Antique Silver and Hot Beverages: Coffee-, Tea- and Chocolatepots
INTERESTING NEW ACQUISITIONS
How about a warm cup of coffee poured from an original, historical, silver coffee pot? Or would you prefer a warm cup of tea or even better chocolate? Have you ever come up to the thought how close the history of hot beverages and silver in Europe and the world is? Let us follow a short historical path to it today. You will definitely not be able to resist the charm of historical silver and the strong aroma of a hot cup of your favorite hot drink after that.

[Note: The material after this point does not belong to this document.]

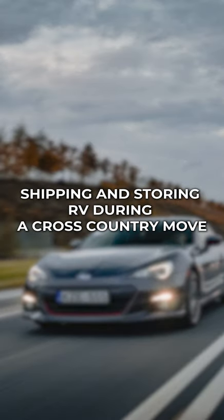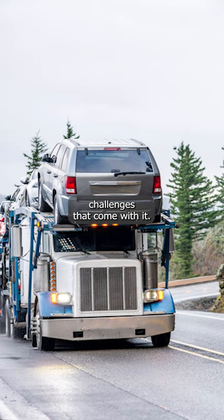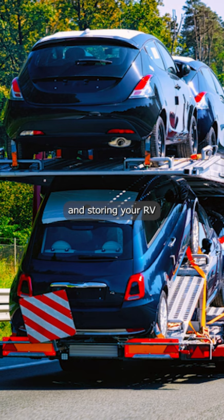Shipping and storing your RV during a cross-country move. Moving across the country can be a thrilling experience, but when it comes to transporting your RV, there are many logistical challenges that come with it. Whether you're moving to a new state or just taking an extended road trip, shipping and storing your RV properly is crucial to ensure it arrives safely and in good condition.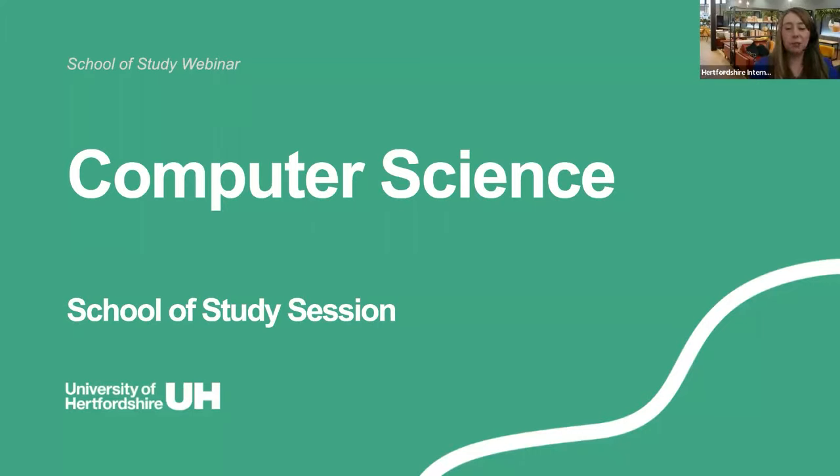Hello everybody and thank you very much for joining us today for this special webinar session designed for our computer science offer holders who will be joining us in September. We've got about three months to go before the start of term, so we're just going to give you a quick overview of your school of study and a few tips for start of term. The session is recorded — it's nothing to worry about — it's just in case anybody's connection drops; we'll be able to share the recording back later on, so if you do miss anything, don't worry.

The Origins of Coffee and Other Hot Beverages
People in the Ottoman Empire were introduced to coffee, originated from Ethiopia and Yemen, in the first quarter of the sixteenth century. By the middle of the century the beverage itself and the coffee houses began to play an important role in everyday life in the Empire.
European travellers knew coffee and tea since the sixteenth century. Tea came from Japan and China as a cultural influence resulted from the commercial connections of East Indian Companies (of the UK and the Netherlands) with the Far East.
Drinking chocolate was established in Europe also around the end of the seventeenth century. The hot beverage was prepared as a mixture of cacao, sugar and water. Chocolate was a quite expensive beverage, because the primary materials were also expensive.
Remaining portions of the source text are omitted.